And attenuate a weak signal before amplification? That puts lots of Johnson noise from the RIAA network in series with the signal.


No, not a good idea, would be a poor performer. Or did you mean use an RIAA feedback network on the first stage?


That would be a misunderstanding, of course.
The RIAA between the first two stages.
The attenuator in a full function tube pre has to be in the middle, at the output of low level section.
RIAA on first stage only has been done by Mullard.
 
This is probably what is being referred to:

Mullard Stereophonic Pre-amplifier

For the record, this circuit uses active (feedback) equalization, which was popular in the 1950s and 1960s (when this design was published) but has largely been replaced in modern tube preamps with passive equalization. Like Eli mentioned earlier, there are pros and cons to both approaches but that discussion is probably beyond the scope of this thread.

This circuit is interesting from a historical perspective but would not be considered typical by modern design standards. The suggestions presented earlier in this thread would be more representative of contemporary designs and are all worthy of consideration if you are looking to build a preamp for yourself.
 
He liberated all of his circuits from SRPP and is now more happy with the sound.

I think it is largely a matter of taste. Some people like the SRPP signature while others do not. The majority avoids listening anyhow :p

The SRPP has some remarkable qualities: it is really cheap to build, provides a low output impedance and is really difficult to screw up. Hey, even AN use it :D

None of which of course matters if you hate the way it sounds.
 
This certainly looks original. Could you say a few words about your design decisions? Specifically about the input stage.

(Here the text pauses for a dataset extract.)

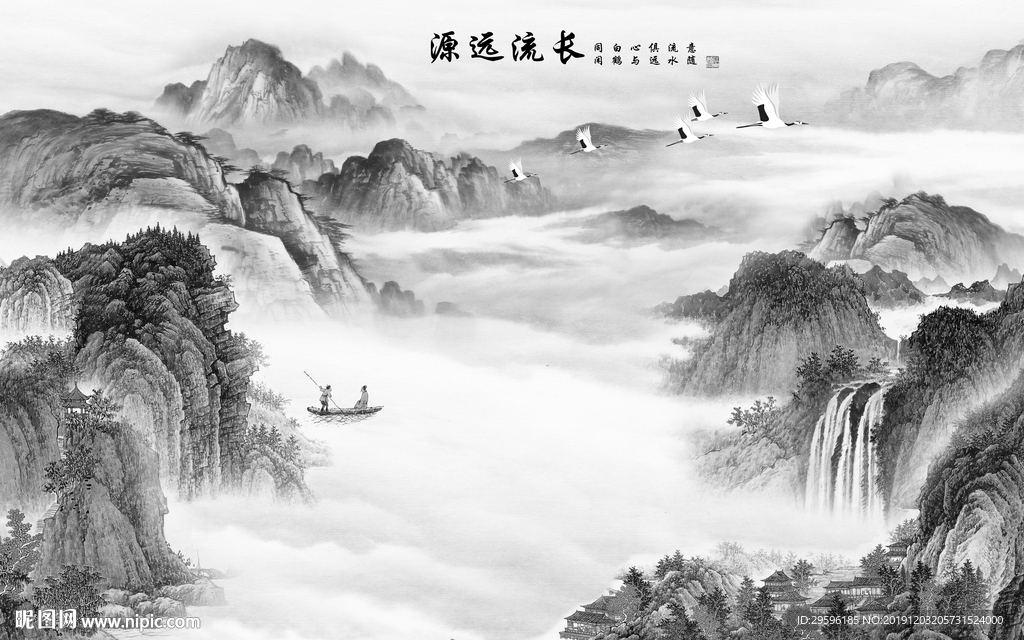 国画 背景山水画 TIF分层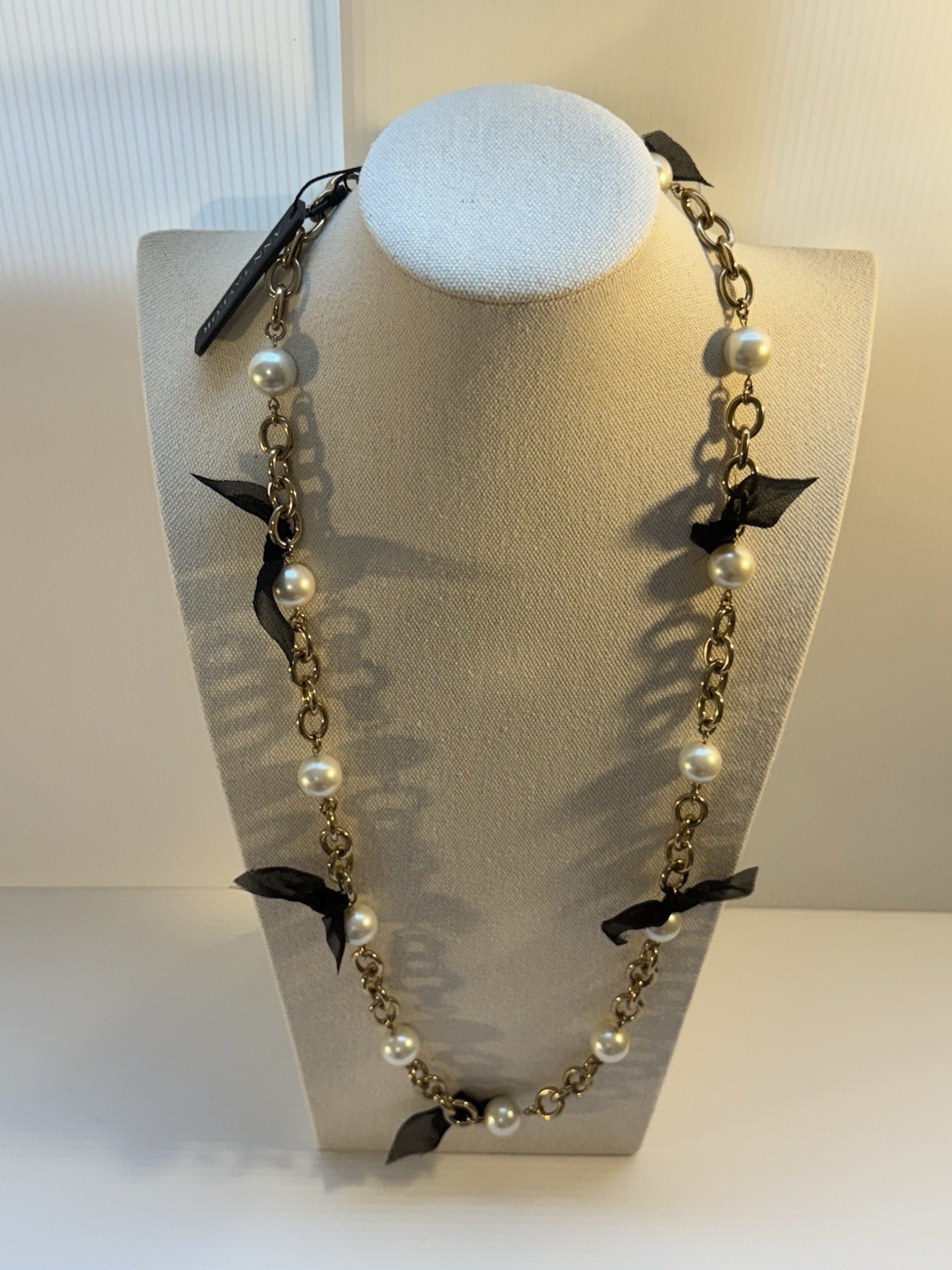 90’s Ann Taylor NWT Statement Necklace Chain Pearl Ribbon Heavy Chunky 33.5” L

This is more than a few words... If you want even more information, please look in Linear Audio volume 4.

I wanted to build a circuit with no semiconductor diodes or transistors at all (just for the hell of it). As I also didn't fancy using batteries or mercury vapour rectifiers, that meant using an AC heater supply. To keep hum under control, I chose a valve that's specifically designed for low-level audio stages and that has an exceptionally small heater to control grid capacitance, the EF86, as input valve.

For a discrete phono preamplifier, I would normally use the Hoeffelman and Meys configuration, which is a feedback structure with series and shunt feedback that can provide the RIAA correction and realize the 47 kohm input resistance with less noise than a 47 kohm termination resistor. (See Jean M. Hoeffelman and Rene P. Meys, "Improvement of the noise characteristics of amplifiers for magnetic transducers", Journal of the Audio Engineering Society, vol. 26, number 12, December 1978, pp. 935...939 and Ernst H. Nordholt, "Comments on "Improvement of the noise characteristics of amplifiers for magnetic transducers"", Journal of the Audio Engineering Society, vol. 27, number 9, September 1979, p. 680.) However, for minimum hum, the cathode of the EF86 has to be AC grounded, as this eliminates the effect of heater-to-cathode capacitance and heater emission. Series feedback is difficult when the cathode must be AC grounded, so I had to come up with something else.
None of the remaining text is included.